The poorest countries are the most at disadvantage due to this, while higher-income nations see the people scaling their spending on food amid the higher cost of living.
Countries across Africa’s Sahel region, for example, are forced to see their people starving to death due to food shortages, mainly due to the war in Ukraine.
About 811 million would go to bed hungry at night and 49 million people face emergency levels of hunger, the World Food Programme estimated. This is 10 times higher than pre-Covid-19 levels.

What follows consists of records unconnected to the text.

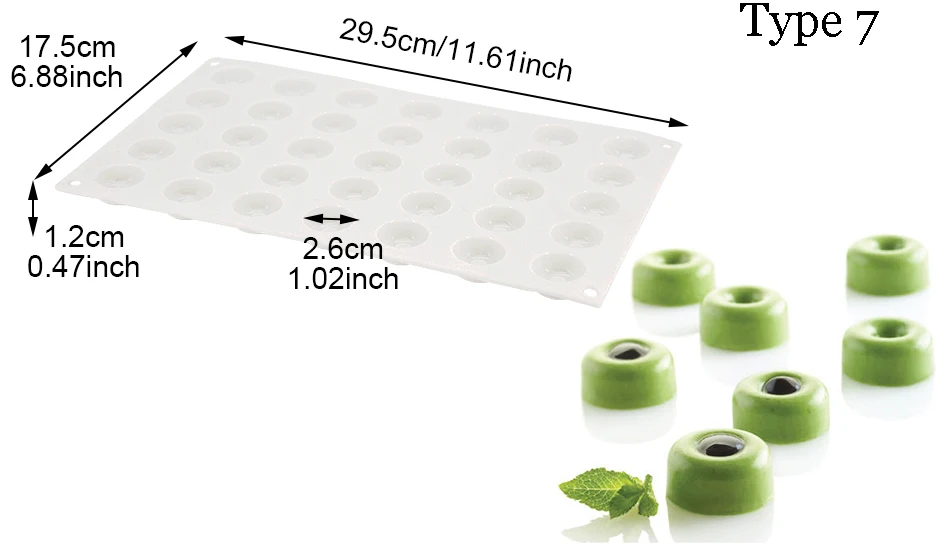 Формы для выпечки для торта трюфель Кондитерские Силиконовые формы для шоколада 35 полостей микро круглые десертные формы украшения выпечки инструменты
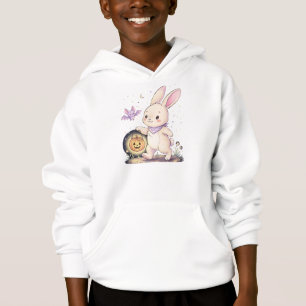 Cute Halloween Bunny with Pumpkin Lantern and Bat 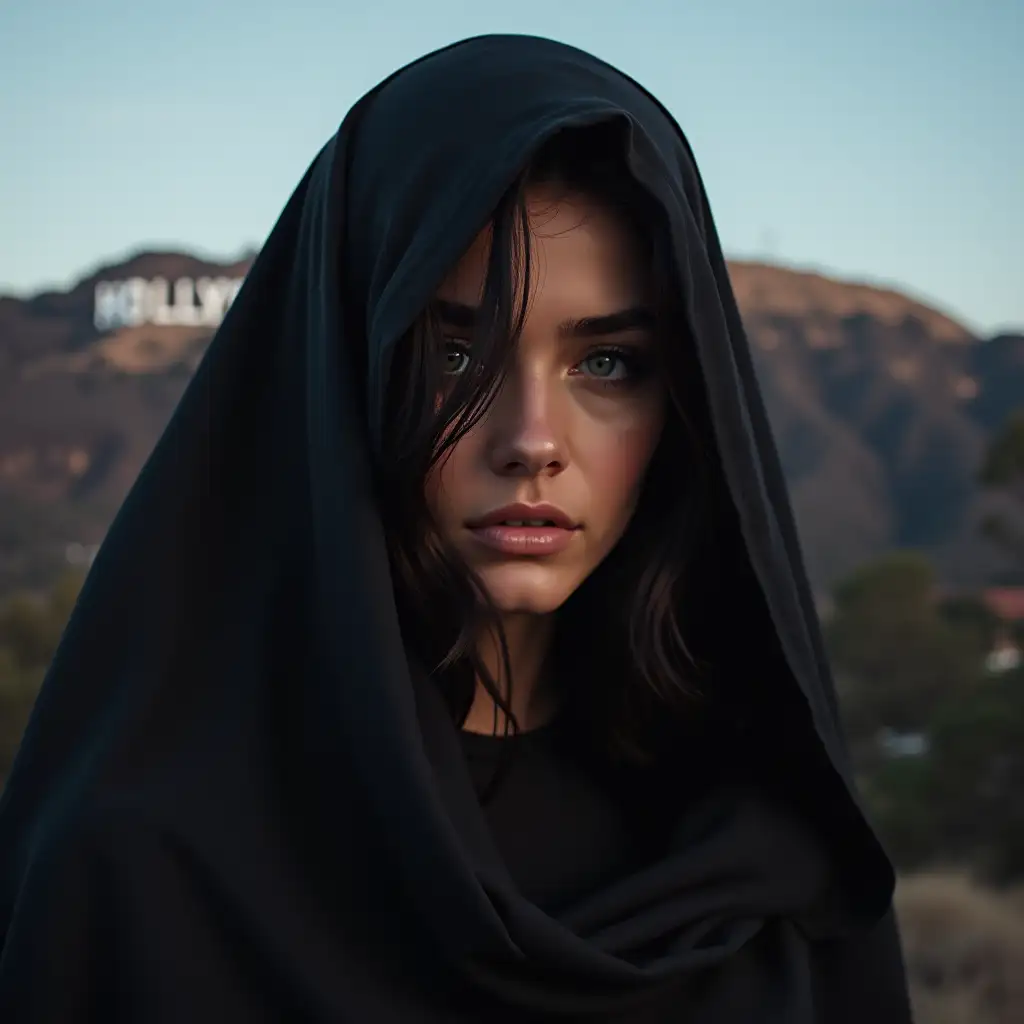 A picture of a beautiful woman with a dark veil hanging over her head and the famous Hollywood sign in the background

Living in an age of food protectionism
While the Ministry of Agriculture and Food Industries (MAFI) has assured that food supply in the country has not reached a crisis level, it is important that Malaysians are aware of the issue and mindful of the impact.
Do not splurge money unnecessarily and if you can, opt for locally made goods as this will help to generate more revenue to the country that will soon be channelled back to the people.
Malaysians should feel blessed that they are living in a tropical climate country that produces abundant natural resources such as palm oil, rubber, cocoa, pepper, tin, petroleum, timber, and copper.
Malaysia was named among the economies to win big from the high commodity prices and will pay less of a price on the inflation side as it exports several times of its domestic production, Moody’s Analytics said.
Under Budget 2022, the government has allocated RM4.82 billion to MAFI, of which RM3.28 billion is for operating expenditure and RM1.54 billion for development expenditure.